Der Bürgermeister machte deutlich, dass angesichts des Klimawandels, des beschlossenen Ausstiegs aus der Nutzung fossiler Ressourcen und der aktuellen Zuspitzung aufgrund des Krieges in der Ukraine am Ausbau regenerativer Energien kein Weg vorbeigeht. Dazu kommt, dass die Bundesregierung ihren Druck auf die Länder hinsichtlich des Ausbaus verstärkt. Wie berichtet, solle Sachsen-Anhalt den Anteil der Landesfläche für Windenergie binnen zehn Jahren von derzeit 1,1 auf dann 2,2 Prozent erhöhen. Dazu komme, dass sich die Stadt und der Ortsteil beim jetzigen Handeln noch Chancen ausrechnen könnten, wie die Verträge am Ende konkret aussehen. Und damit auch, was unterm Strich finanziell für die Kommune herauskommen könnte. Zum Beispiel meinte der Bürgermeister, man könne verlangen, dass die Betiebssitze der Betreiberfirmen in der Stadt liegen, um auch den Gewerbesteueranteil einnehmen zu können. Gesetzlich verankert sei bereits, dass die Städte einen Anteil von 0,2 Cent je gewonnener Kilowattstunde erhalten.
Einwand abgelehnt
Auf den Einwand von Patrick Siegel (CDU/FDP-Fraktion), der Bauausschuss habe doch angeregt, den Ortsteilbeirat einzuladen (siehe auch „Bürgerbefragung im Juni 2021“), meinte Jahn, die Bürgerbefragung sei zur Kenntnis zu nehmen, aber der Stadtrat habe sich eingedenk aller Nuancen innerhalb des bereits seit zwei Jahren laufenden Verfahrens eine Meinung zu bilden. Patrick Siegel erklärte dazu, dass ihm die Folgen für die Lindaer „noch viel zu schwammig“ seien. Tino Baumgart (Wir.Für.Hier) meinte, für seine Fraktion habe Priorität, „dass sich die Bürger von Linda damit identifizieren können“.
Immer dann, wenn die persönlichen Befindlichkeiten von Einwohnern betroffen sind, „ist es eine schwere Entscheidung“, bekannte Gabriele Wolf (BBP/BI Jessen).

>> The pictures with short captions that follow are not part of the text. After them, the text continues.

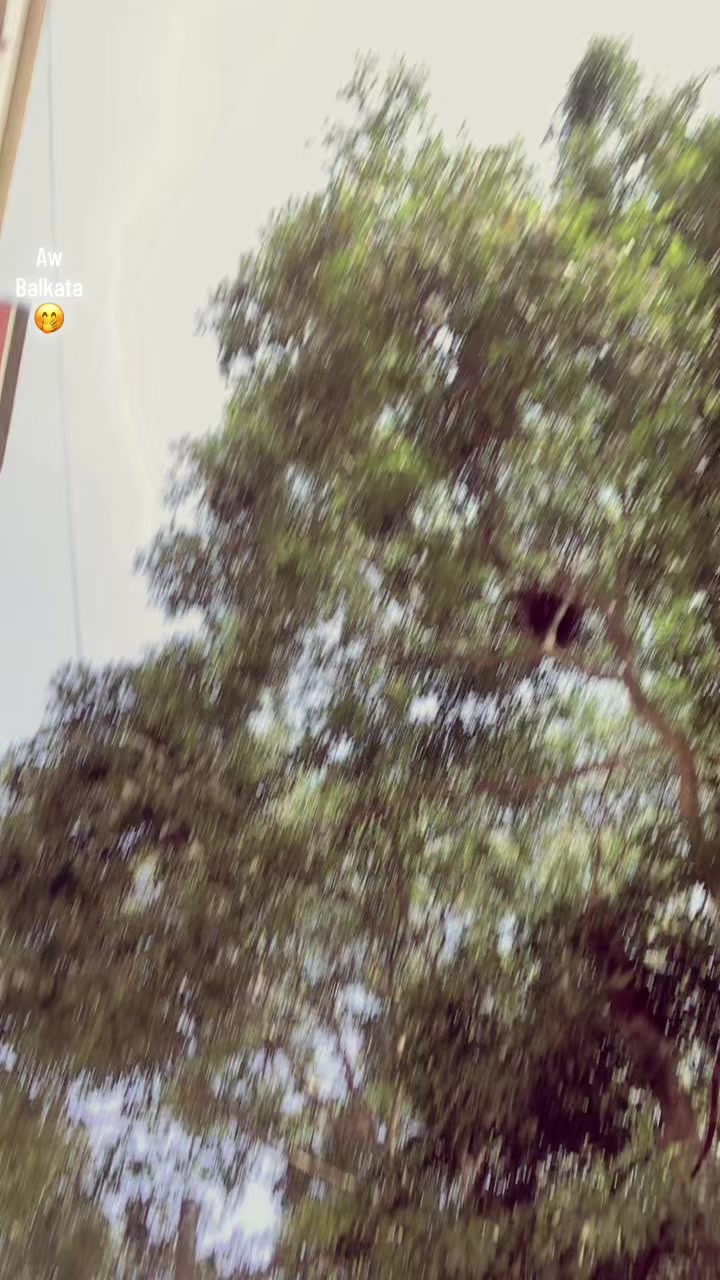 @𓂀 𝕂𝔸𝕊ℍ𝕄𝕀ℝ𝕐 𝔹ℝ𝔸ℕ𝔻 𓂀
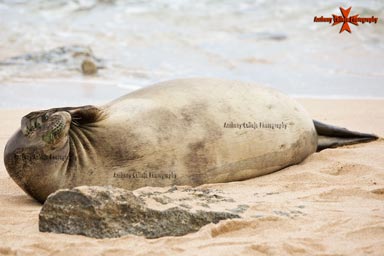 Hawaiian Monk Seal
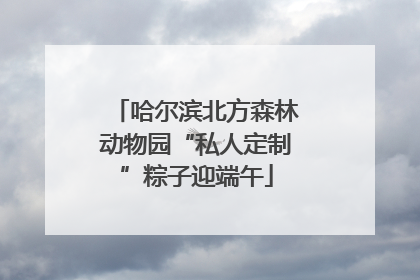 哈尔滨北方森林动物园“私人定制”粽子迎端午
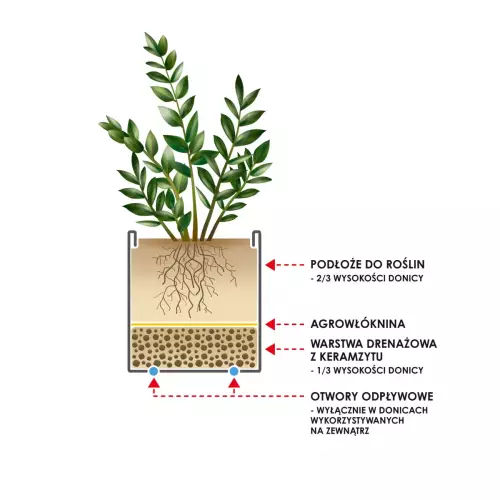 Schemat sadzenia w donicy D92B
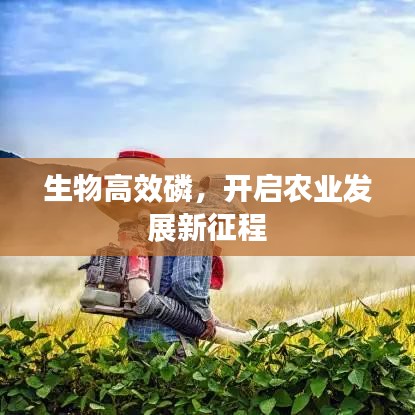 生物高效磷，開啟農(nóng)業(yè)發(fā)展新征程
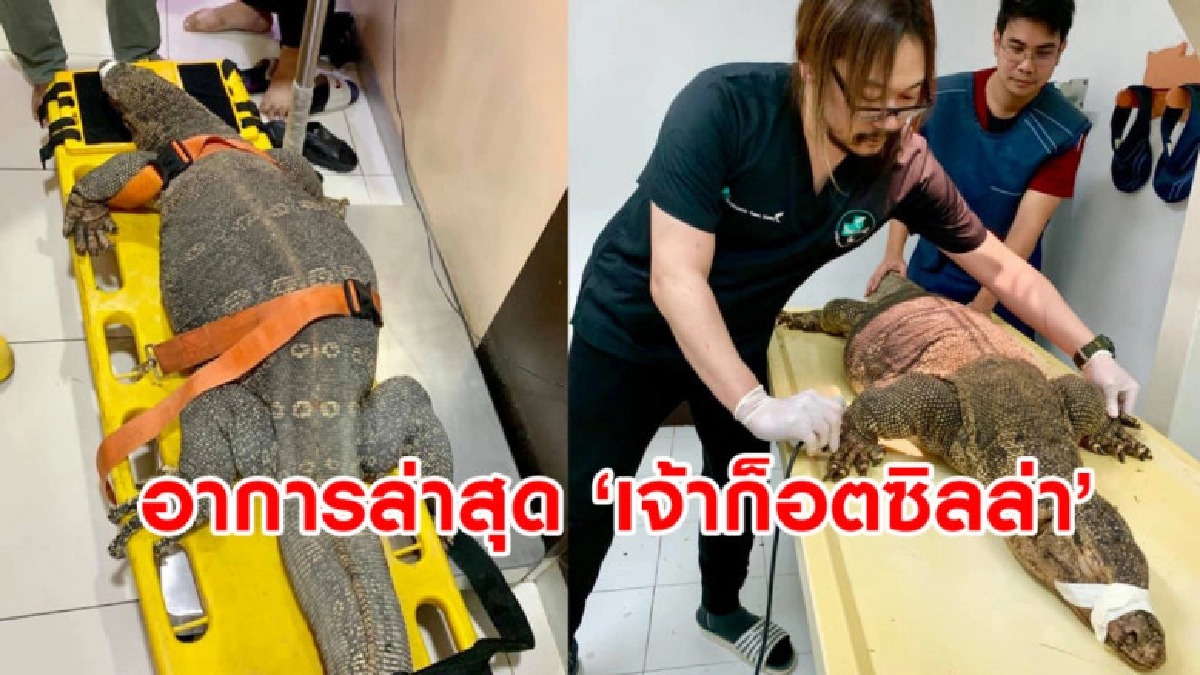 ตัวเงินตัวทองที่ถูกคนร้ายตี หมอหวั่นอาจตาบอดอีกข้าง ตัวเงินตัวทองที่ถูกคนร้ายตี หมอหวั่นอาจตาบอดอีกข้าง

Bürger müssen auch von ihrem Recht Gebrauch machen können, gehört zu werden. Sie machte etliche Kommunikationslücken im Gang des Verfahrens aus - innerhalb der Fraktionen, zwischen Bauausschuss und Hauptausschuss, zwischen Ortsteilbeirat und dem Stadtrat. „Die Akzeptanz von Hochspannungsanlagen, Fotovoltaik, Windkraft usw. ist in jüngster Zeit dann stark gewachsen, wenn die Bürger beteiligt wurden“, so Klaus-Dieter Richter (CDU/FDP). „Das war in Linda gegeben.“
Frank Luczak (AfD) verwies auf die Bürgerbefragung. „Ein großer Teil der Lindaer war dagegen.“ Er beantragte eine namentliche Abstimmung. „Wer heute hier dafür stimmt, das sagt sehr viel über den Charakter aus.“ Damit zog er sich einen Rüffel vom Stadtratsvorsitzenden Gunter Danneberg zu. Namentliche Abstimmung wurde abgelehnt.